US arrests gun-runners accused of helping notorious Mexican drug cartel


| Jan. 26, 2011 |


Suspects accused of funnelling weapons to one of Mexico's most notorious drug cartels have been arrested by US authorities in a multi-agency operation in Phoenix, Arizona.

Twenty people were arrested in an operation involving five different US law-enforcement agencies as well as Mexican authorities. The news comes a day after US Secretary of State Hillary Clinton heaped praise on President Felipe Calderón's controversial war on drugs and accepted that US drug consumption, as well as the flow of weapons south of the border, were major contributions to the violence.

The suspects are alleged to have purchased hundreds of weapons, including AK-47 rifles, from Phoenix gun shops as well as acting as "straw purchasers"--buying weapons from stores pretending they were for personal use--for sniper rifles and pistols known as "cop killers" as their bullets are able to penetrate body armour.

President Felipe Calderón's war against drugs has proved controversial with Mexicans, disappointed at the huge increase in death and violence since it began. However, the US government is keen to voice its support and this week offered $500m in aid, adding to the Merida Initiative, a $1.4bn anti-drug plan formed under the Bush administration in 2007.

"What President Calderón has done is absolutely necessary," Mrs Clinton told reporters at a press conference in Guanajuato earlier this week. “There’s no alternative. The drug traffickers are not going to give up without a terrible fight. When they do things that are barbaric, like behead people, it’s meant to intimidate.”

More than 34,600 people have died in drug-related violence in Mexico since President Felipe Calderón took power in December 2006. Just less than 15,300 of those deaths took place in 2010 alone. Mrs Clinton said: “If it was easy, it would have been done before. It is hard and carries all kinds of costs.”

President Calderón’s drug war is not popular with many Mexicans, who live with news of death and violence every single day. “Back in the day, the narcos were always very open with the public,” said Miguel Perea, a veteran journalist in Ciudad Juárez. “You would pass by their houses and there was no problem. But when President Calderón came to power, all-out war was declared against them.”

This war is thought to have exacerbated the problem, pushing the cartels further underground. The death or arrest of cartel leaders has caused many turf wars to break out, notably in the tourist resort of Acapulco which has seen a huge number of bodies found there recently as a three-way war has erupted between cartels.

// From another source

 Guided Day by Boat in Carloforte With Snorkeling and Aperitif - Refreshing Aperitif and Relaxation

The gun-runners caught in Arizona are alleged to have been working with the Sinaloa cartel, headed by Joaquín ‘Chapo’ Guzmán, Mexico’s most notorious drug lord who escaped a maximum-security prison ten years ago. Now his name cannot even be uttered on the streets of Ciudad Juárez, on the country’s northern border with the United States.

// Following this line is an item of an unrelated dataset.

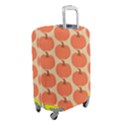 Cute Pumpkin Luggage Cover (Small) View2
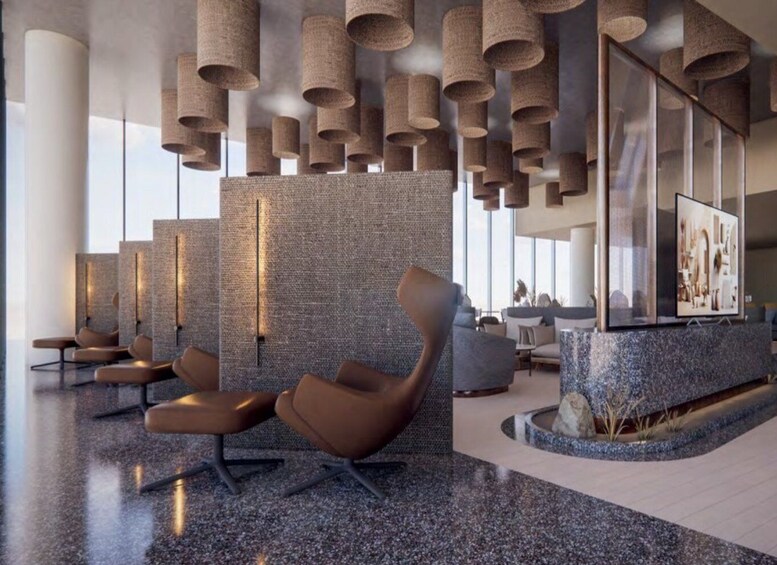LCA Larnaca Airport Skala Lounge Access 1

Juárez has come to epitomise Mexico’s drug wars. WikiLeaks’ revelations this week that President Calderón requested help from the US government to subdue criminal organisations in Cuidad Juárez will shock many Mexicans.

However, residents of Juárez are keen for any help they can get, as many have lost all faith in Mexican authorities. Olga Esparaza’s 16-year-old daughter went missing in March 2009, when she was 18. She has had no help in finding her daughter from authorities and has conducted much investigation herself.

She said: “To any authorities--the FBI, Interpol--please help us. The Mexican government is incompetent and does not help us with anything. It's inhumane that the authorities have not the slightest interest in finding my daughter.”

William Simmons, an academic from Arizona State University working on legal remedies for the situation in Juárez said: “We need to give more aid from the US side in terms of humanitarian assistance and infrastructure assistance but instead we give five high-powered helicopters to the Mexican military, which is just going to exacerbate the drug war.

“If either country thinks they're going to win a war of attrition against the drug cartels, they're crazy. The cartels can replace their footsoldiers and the leadership quicker than anyone can kill or arrest them.”